Las heridas lloran.
Las heridas duelen.
Algunas se abren.
Algunas nunca desaparecen.
Algunas dejan cicatriz.
Sanar heridas, darles amor, calmar el dolor. Sanar heridas ajenas incluso cuando a veces cubro las mías con curitas que no impiden que la piel se siga desgarrando debajo; incluso cuando me siento un poco hipócrita profesando el amor propio del que yo carezco.
Poder sanar heridas me hace sentir especial, es mi propósito y mi superpoder.
Los abrazos sanan, las palabras reconfortan (como esta sarta que escribo ahora me reconforta a mí), pero el silencio también. El silencio con intención, el silencio con interés, el silencio con presencia, el silencio que dice lo que las palabras no alcanzan a expresar; el silencio solo, el silencio en compañía; el silencio que precede a la respuesta muda antes del llanto (mi silencio característico) y el silencio que se despliega cuando ya no hay más que llorar.
Tengo heridas grandes que a veces se abren sin que pueda evitarlo, heridas que sangran en lágrimas antes de irme a dormir o que se desgarran de la nada y duelen como la mierda en cualquier momento del día.

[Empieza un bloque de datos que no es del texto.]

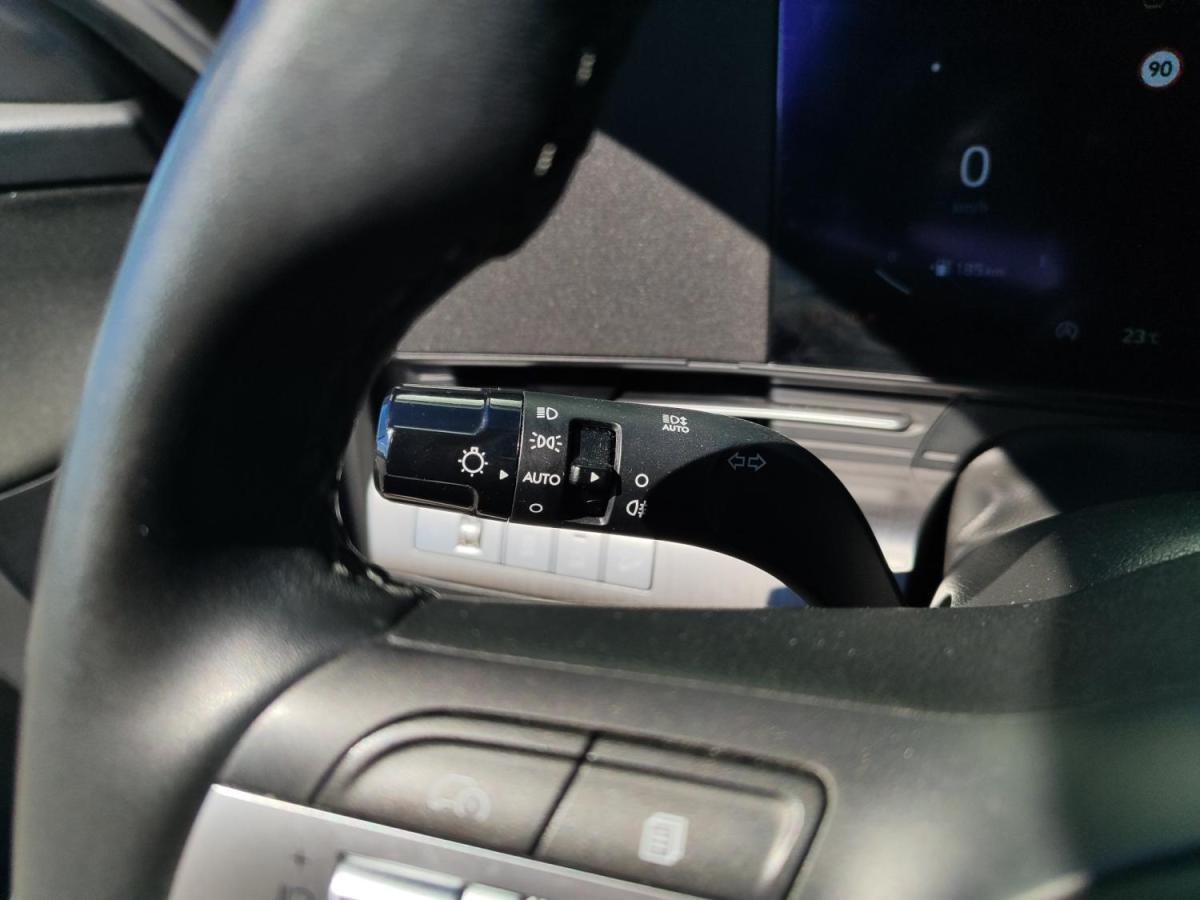 hyundai-kauai-2024-gasolina-998cc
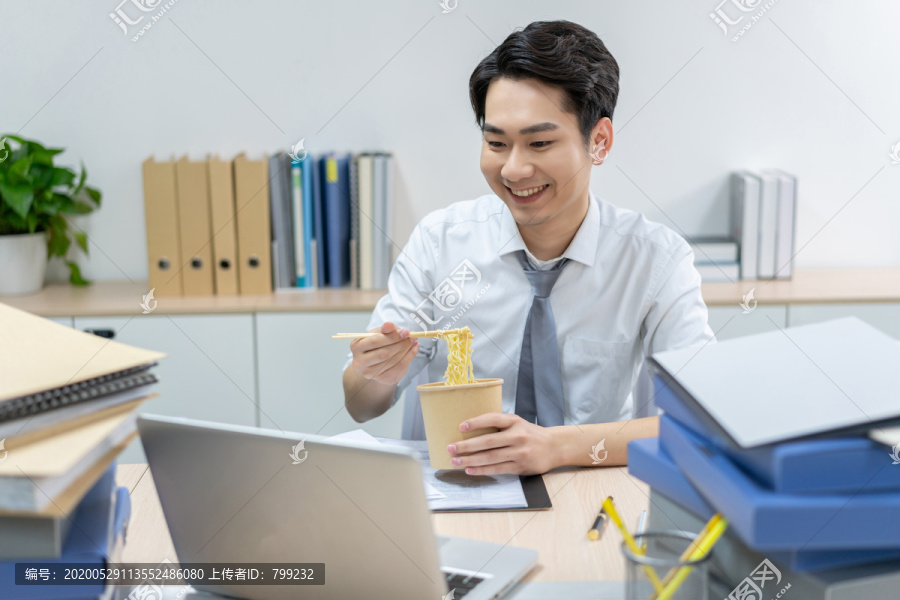 快乐的商务男士在办公室加班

Llevo heridas curiosas que, ya sanas, me dejaron un sentir a modo de cicatriz que sólo se revive escuchando canciones específicas.
Empecé a aprender que cada tanto me hace bien mostrar mis heridas, incluso las que creo irreparables, las que cargo hace años y no ven la luz desde que me las hice. Hoy mostré algunas de esas y para mi sorpresa el diagnóstico esta vez fue diferente.